_Problem:_ Pictures aside, reproduce exactly and only the lines from the one containing "T-Top Shade Extension" through the end of the records.

_Given data:_
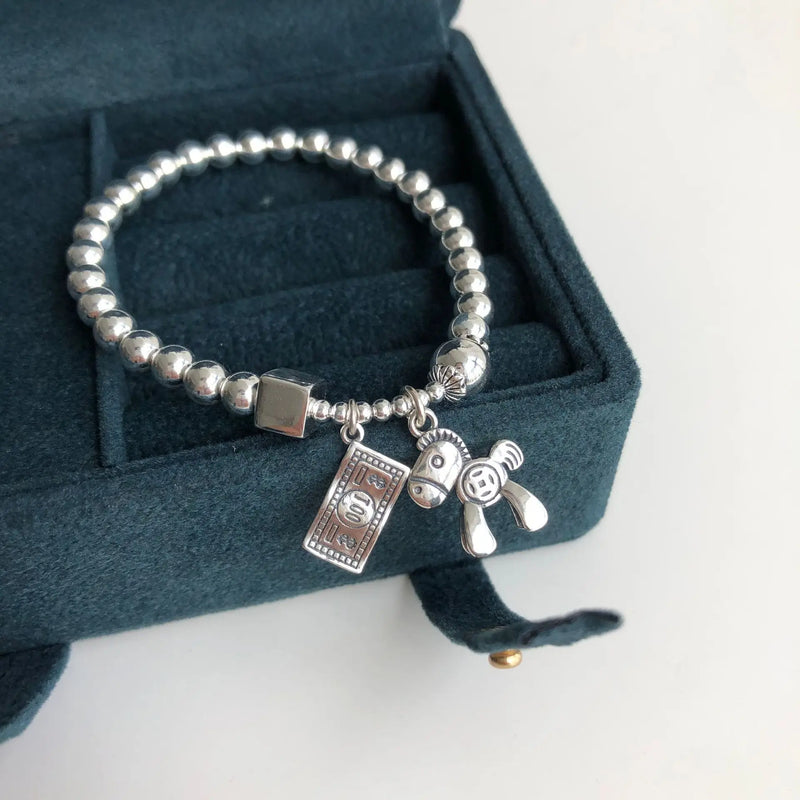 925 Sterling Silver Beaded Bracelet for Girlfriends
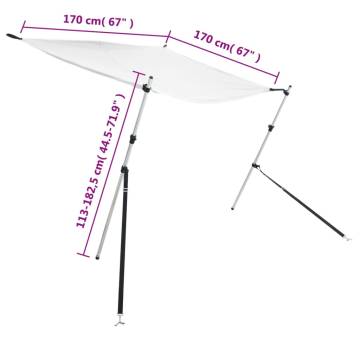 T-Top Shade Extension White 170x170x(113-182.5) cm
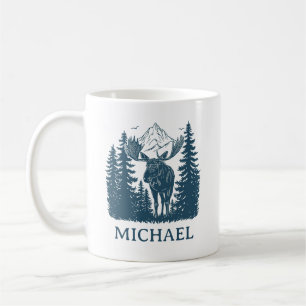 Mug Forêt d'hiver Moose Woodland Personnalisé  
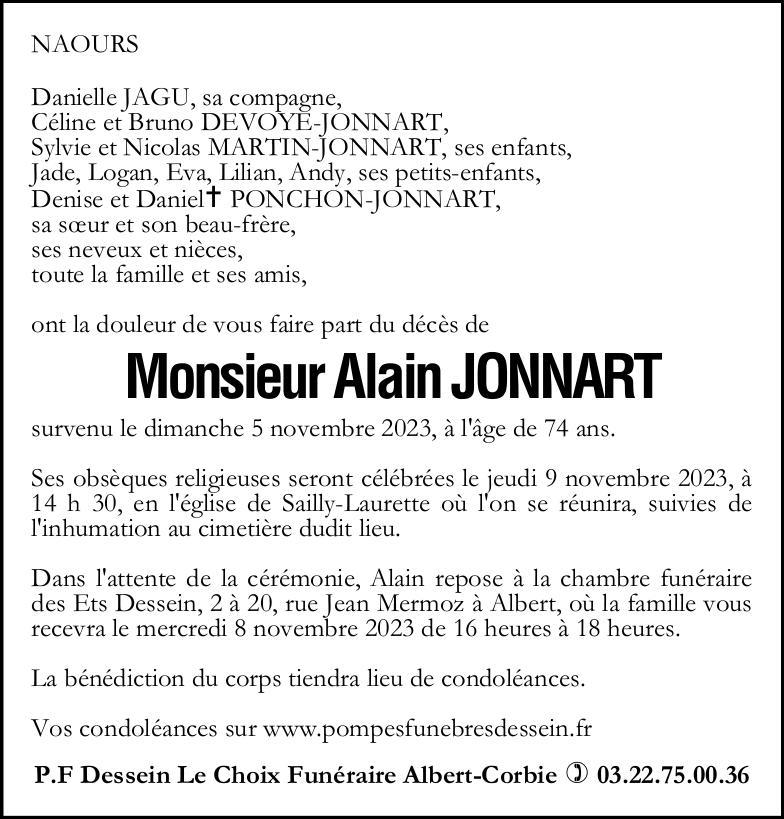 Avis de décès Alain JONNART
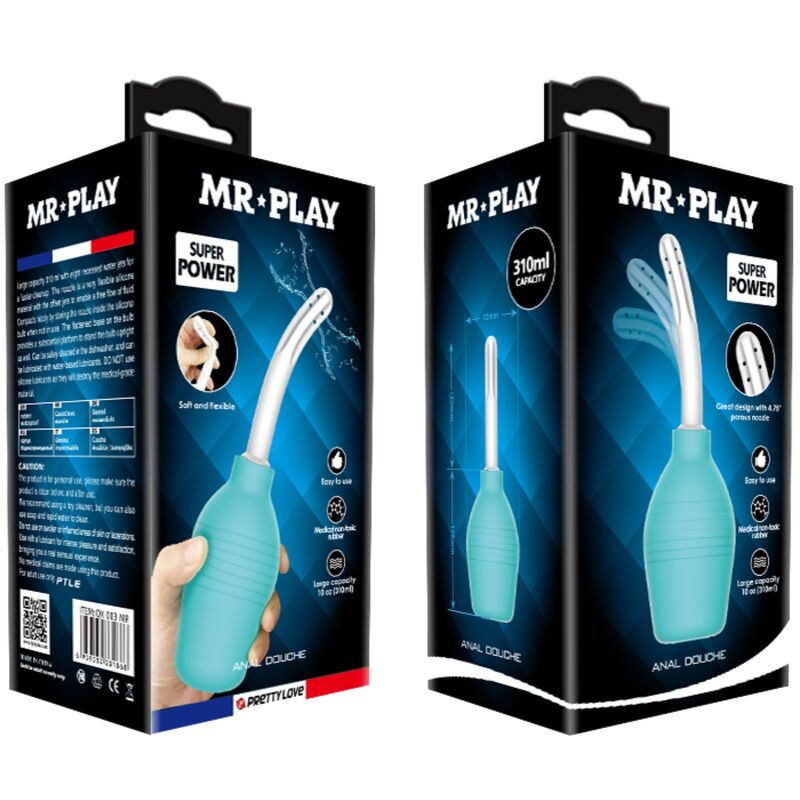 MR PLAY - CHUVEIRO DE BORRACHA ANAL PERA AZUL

_Output for this exercise:_
 T-Top Shade Extension White 170x170x(113-182.5) cm
 Mug Forêt d'hiver Moose Woodland Personnalisé  
 Avis de décès Alain JONNART
 MR PLAY - CHUVEIRO DE BORRACHA ANAL PERA AZUL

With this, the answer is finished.